* [GOAL OF THE EXERCISE] Your answer should be every line from the records that contains "Case".

* [Data excerpts]
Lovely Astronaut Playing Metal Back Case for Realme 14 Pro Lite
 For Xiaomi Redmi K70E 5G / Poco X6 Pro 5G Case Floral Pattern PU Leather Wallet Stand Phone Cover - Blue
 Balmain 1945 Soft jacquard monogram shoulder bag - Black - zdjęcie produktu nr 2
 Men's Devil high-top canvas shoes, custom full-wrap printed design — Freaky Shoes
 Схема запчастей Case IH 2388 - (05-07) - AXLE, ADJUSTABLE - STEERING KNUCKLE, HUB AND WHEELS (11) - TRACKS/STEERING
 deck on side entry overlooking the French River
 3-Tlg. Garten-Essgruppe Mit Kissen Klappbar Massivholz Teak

* [ANSWER FOR THE TASK]
Lovely Astronaut Playing Metal Back Case for Realme 14 Pro Lite
 For Xiaomi Redmi K70E 5G / Poco X6 Pro 5G Case Floral Pattern PU Leather Wallet Stand Phone Cover - Blue
 Схема запчастей Case IH 2388 - (05-07) - AXLE, ADJUSTABLE - STEERING KNUCKLE, HUB AND WHEELS (11) - TRACKS/STEERING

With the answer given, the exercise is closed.